**TASK REQUIREMENTS**: The records below are to be reproduced exactly, with the pictures left out.

**INPUT RECORDS**:
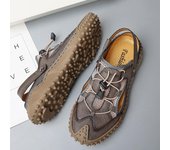 Sandalias de cuero hechas a mano de verano para hombres de moda Zapatos casuales Zapatillas cómodas 38 marrón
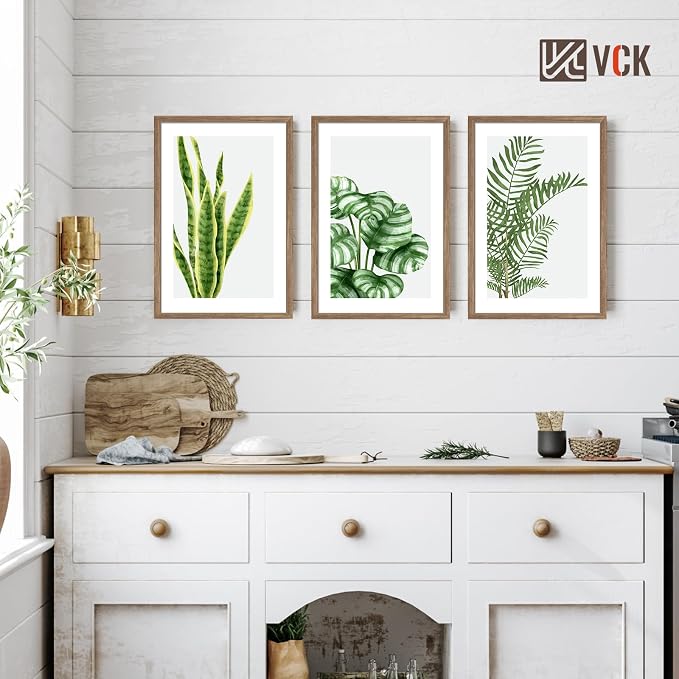 VCK 24x36 Poster Frame Set of 4 - Walnut, Gallery-Quality Wood Picture Frames, 1.1-Inch Wide Border, Polished Plexiglass, Vertical or Horizontal Wall Display for Photo/Art/Prints, Walnut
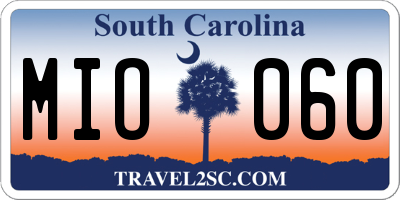 SC license plate MIO060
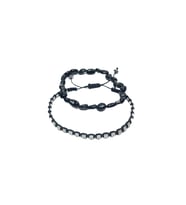 JTAW25BLK1641 ONYX DOĞALTAŞ ESNEK ve HEMATİT DOĞALTAŞ İPLİ SİYAH GRİ GARANTİLİ HEDİYE KUTULU JANTİ BİLEKLİK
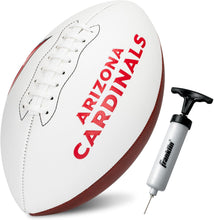 Load image into Gallery viewer, ITEM# 0215 Sports NFL Autograph Football - Official ADULT Size White Panel Souvenir Football for Autographs + Signatures - NFL Team Fan Shop Memorabilia Football for Display (Watch Video)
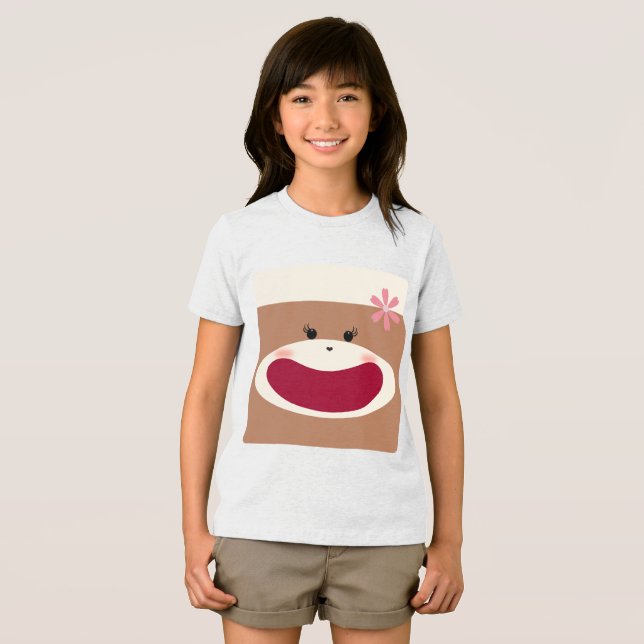 T-shirt En Tri-matière Sock Monkey Smile(Girl) (Recto plein)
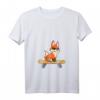 Damen Lustiges Skateboarding Fuchs T-Shirt mit V-Ausschnitt - Perfekt für Skater, Füchse-Liebhaber und als Geschenk für Jungen & Mädchen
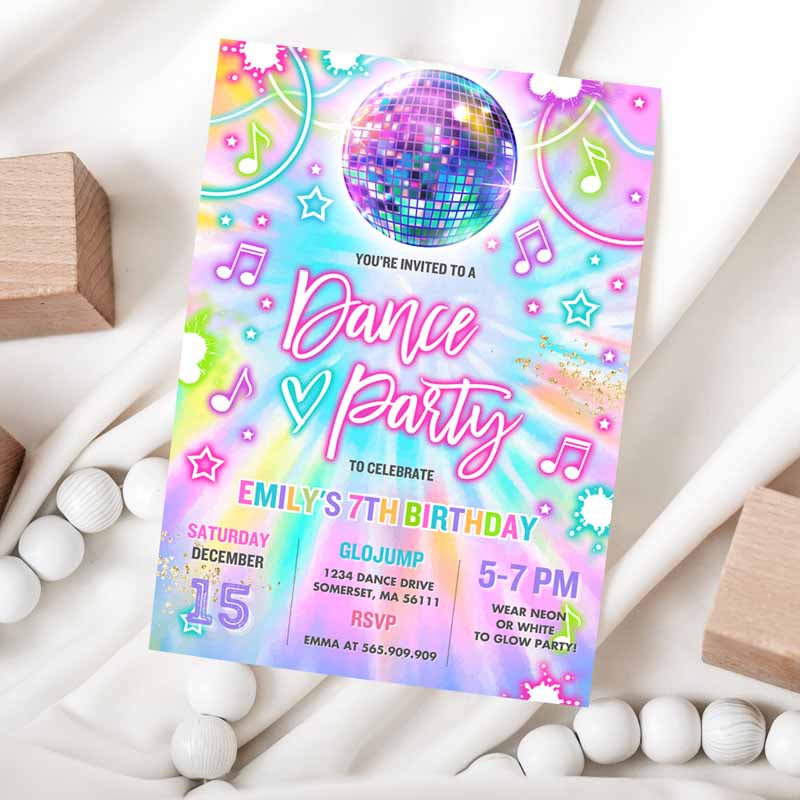 Dance Party, Invite Tie Dye Dance Party Invitation, Glow Tie Dye Dance Party, Neon Glow Disco Dance Party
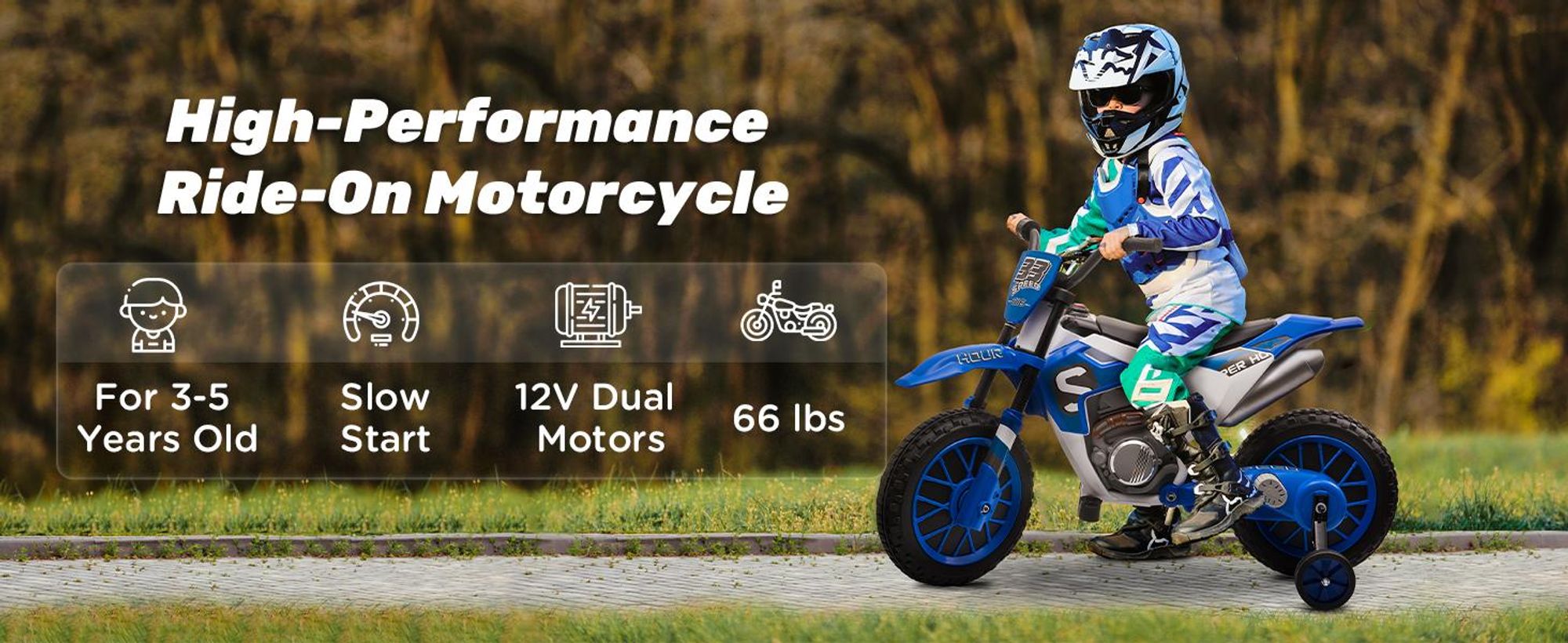 HOMCOM - Elektryczny motocykl dla dzieci, pojazd elektryczny dla dzieci, niebiesko-biały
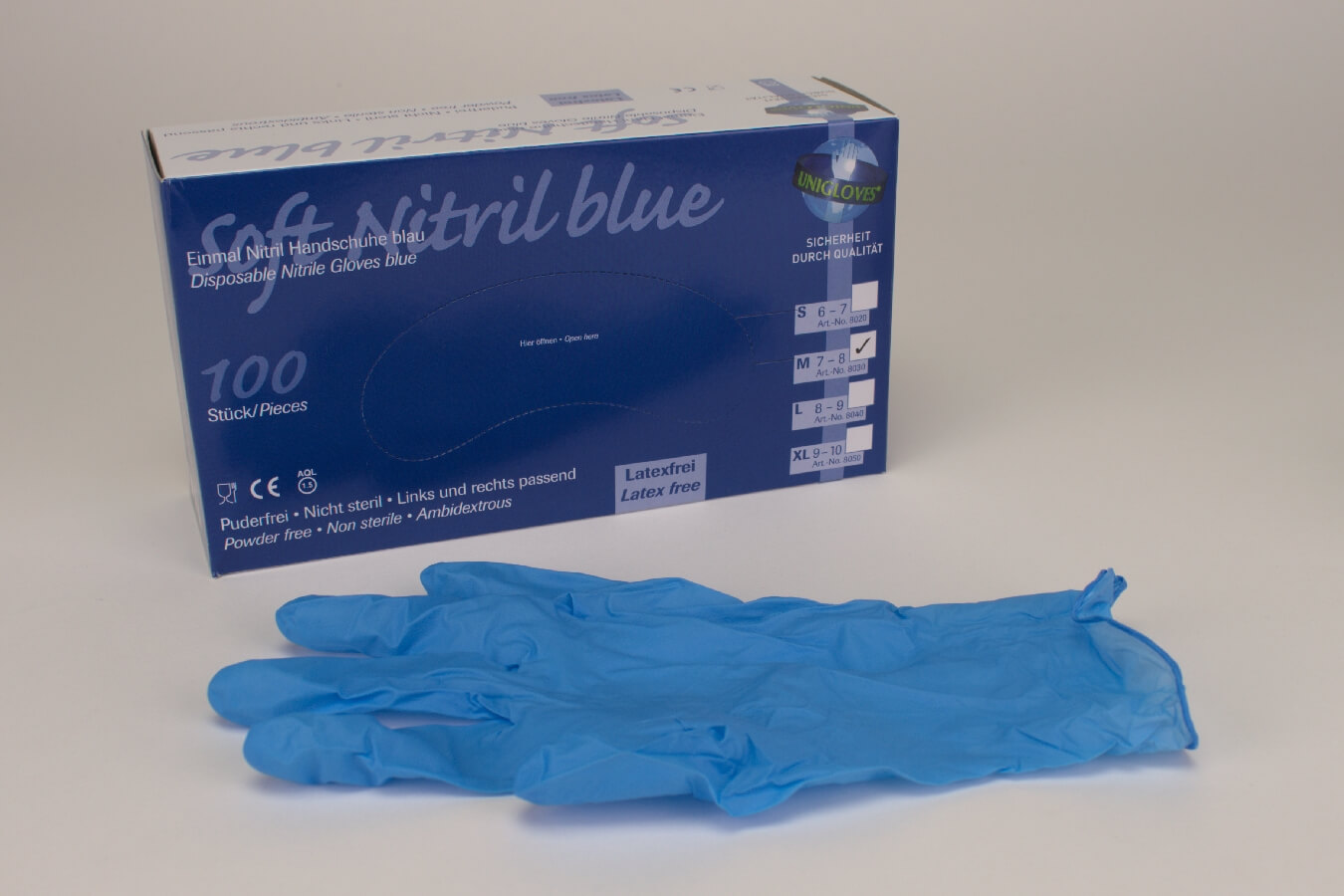 Eco Blue Nitril puderfrei Gr. M  10x100 Stück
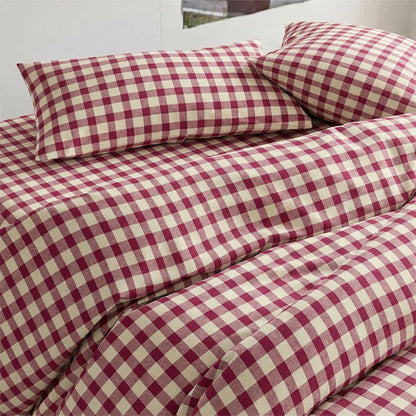 Red Gingham Twin XL Dorm Bedding Set - image 3
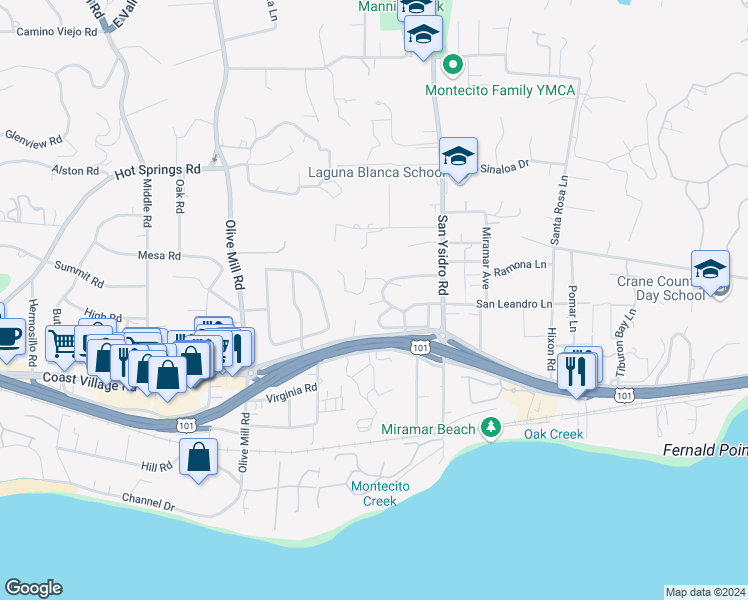 map of restaurants, bars, coffee shops, grocery stores, and more near 137 La Vereda Road in Santa Barbara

**REPLY**:
 Sandalias de cuero hechas a mano de verano para hombres de moda Zapatos casuales Zapatillas cómodas 38 marrón
 VCK 24x36 Poster Frame Set of 4 - Walnut, Gallery-Quality Wood Picture Frames, 1.1-Inch Wide Border, Polished Plexiglass, Vertical or Horizontal Wall Display for Photo/Art/Prints, Walnut
 SC license plate MIO060
 JTAW25BLK1641 ONYX DOĞALTAŞ ESNEK ve HEMATİT DOĞALTAŞ İPLİ SİYAH GRİ GARANTİLİ HEDİYE KUTULU JANTİ BİLEKLİK
 Load image into Gallery viewer, ITEM# 0215 Sports NFL Autograph Football - Official ADULT Size White Panel Souvenir Football for Autographs + Signatures - NFL Team Fan Shop Memorabilia Football for Display (Watch Video)
 T-shirt En Tri-matière Sock Monkey Smile(Girl) (Recto plein)
 Damen Lustiges Skateboarding Fuchs T-Shirt mit V-Ausschnitt - Perfekt für Skater, Füchse-Liebhaber und als Geschenk für Jungen & Mädchen
 Dance Party, Invite Tie Dye Dance Party Invitation, Glow Tie Dye Dance Party, Neon Glow Disco Dance Party
 HOMCOM - Elektryczny motocykl dla dzieci, pojazd elektryczny dla dzieci, niebiesko-biały
 Eco Blue Nitril puderfrei Gr. M  10x100 Stück
 Red Gingham Twin XL Dorm Bedding Set - image 3
 map of restaurants, bars, coffee shops, grocery stores, and more near 137 La Vereda Road in Santa Barbara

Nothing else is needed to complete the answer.